Gli italiani, sono privilegiati di fronte ai 2,1 miliardi di persone che hanno accesso difficile all’acqua diretta potabile e agli 844 milioni che non ce l’hanno del tutto e che devono pensare ogni giorno a come procurarsela. Secondo l’Istat, il volume di acqua complessivamente prelevato per uso potabile dalle fonti di approvvigionamento presenti in Italia è di 9,49 miliardi di metri cubi nel 2015, pari a un volume giornaliero pro capite di 428 litri, il più alto nell’Unione europea. Tuttavia, poco meno della metà di tale volume (47,9%) non raggiunge gli utenti finali a causa delle dispersioni di rete. L’erogazione giornaliera per uso potabile è quantificabile in 220 litri per abitante, 21 litri in meno rispetto al 2012.

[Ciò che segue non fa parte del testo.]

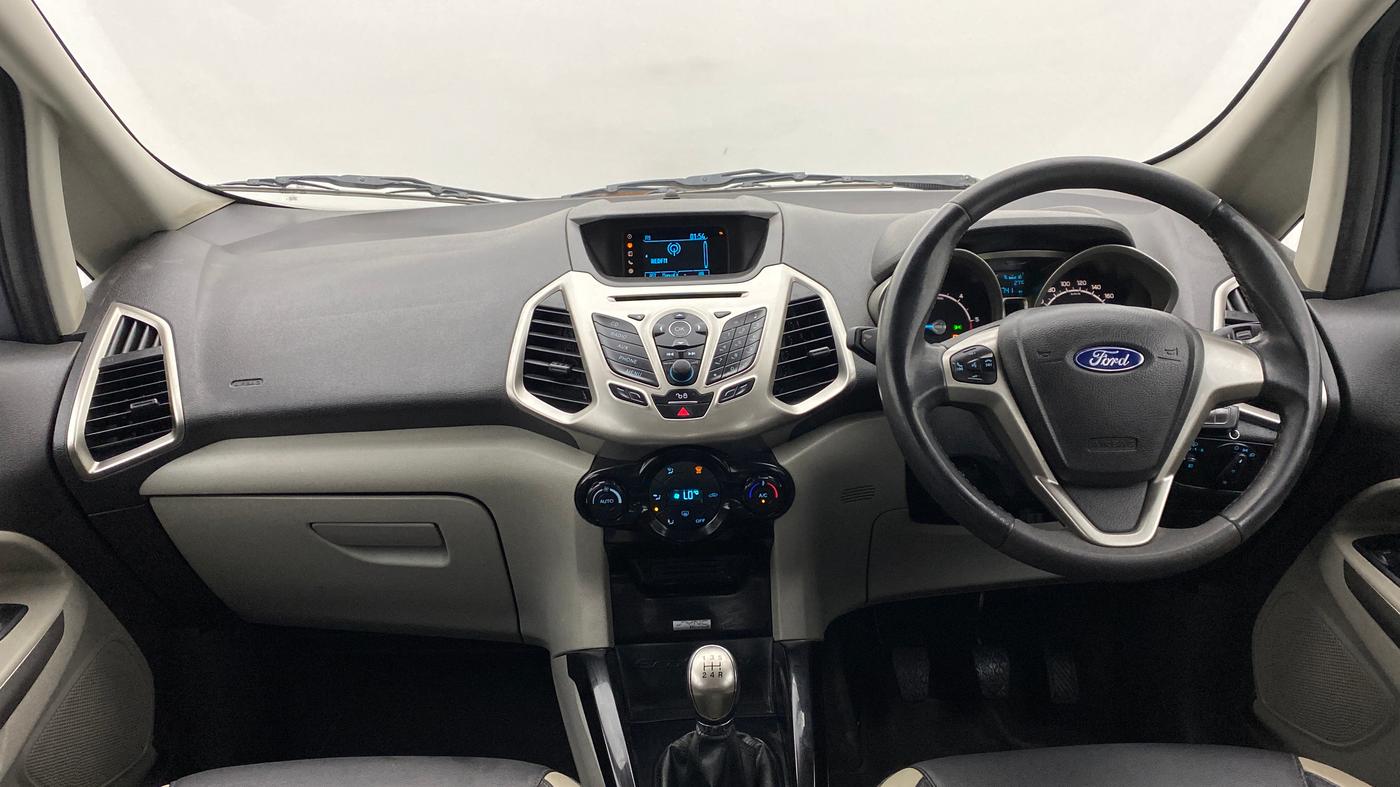 2014 Ford Ecosport 1.5TITANIUM TDCI, Diesel, Manual, 80,737 km, Dashboard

Le famiglie che non si fidano a bere l’acqua di rubinetto rappresentano ancora una quota considerevole, nonostante il grado di fiducia mostri un miglioramento progressivo ma altalenante. La percentuale passa dal 40,1% del 2002 al 29,0% del 2018, per un numero complessivo di famiglie pari a 7 milioni 500 mila. Notevoli le differenze territoriali: si passa dal 17,8% del Nord-est al 52,0% delle Isole, con la percentuale più elevata in Sicilia (53,3%), seguita da Sardegna (48,5%) e Calabria (45,2%). E per questo sono il 63% le famiglie in cui almeno un componente beve quotidianamente oltre un litro di acqua minerale. Il consumo più elevato si registra nelle Isole (69,0%), quello più basso al Sud (55,8%). Tra le regioni è l’Umbria a guidare la graduatoria (71,0%), per il Trentino-Alto Adige si registra il valore più basso (43,7%). Nel 2017, considerando tutte le famiglie italiane, la spesa media mensile calcolata per il consumo di acqua minerale è pari a 11,94 euro, in aumento dell’11,1% rispetto al 2016.

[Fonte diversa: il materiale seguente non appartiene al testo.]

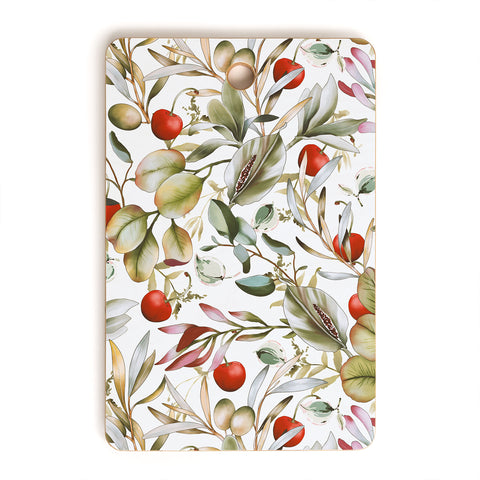 Marta Barragan Camarasa Orchard Elegance Serene Cutting Board Rectangle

Nel 2018 si attesta al 10,4% la quota di famiglie italiane che lamentano irregolarità nel servizio di erogazione dell’acqua nelle loro abitazioni. Tale valore, stabile rispetto al 2017, è ancora distante dai picchi rilevati a partire dal 2002, soprattutto da quello del 2003 (17,0%). Il disservizio investe in misura diversa tutte le regioni e interessa quasi 2 milioni 700 mila famiglie. Di queste, poco meno di 1 milione 800 mila, pari al 65,4%, vive nelle regioni del Mezzogiorno. La regione più disagiata è la Calabria, dove il 39,6% delle famiglie lamenta questa inefficienza. Grave anche la situazione in Sicilia (29,3%), ma in sensibile miglioramento rispetto all’anno precedente.
Viceversa, quote esigue si registrano al Nord-ovest e Nord-est (3,3% e 2,5%) mentre al Centro soltanto una famiglia su dieci dichiara che il servizio di erogazione è irregolare. Il 39,2% delle famiglie che lamentano irregolarità nell’erogazione dell’acqua dichiara che il problema si presenta durante tutto l’anno. Per il 33,8% si verifica solo nel periodo estivo mentre per il 22,0% l’irregolarità è un problema sporadico. Rispetto alla spesa sostenuta, il 49,0% delle famiglie ritiene che il costo del servizio sia adeguato, il 43,1% lo giudica elevato. In quest’ultimo caso la percentuale raggiunge il 61,2% nelle Isole, è intorno al 50% al Centro e al Sud e si attesta su livelli molto più bassi nel Nord-ovest e nel Nord-est (33,4% e 34,6%, rispettivamente).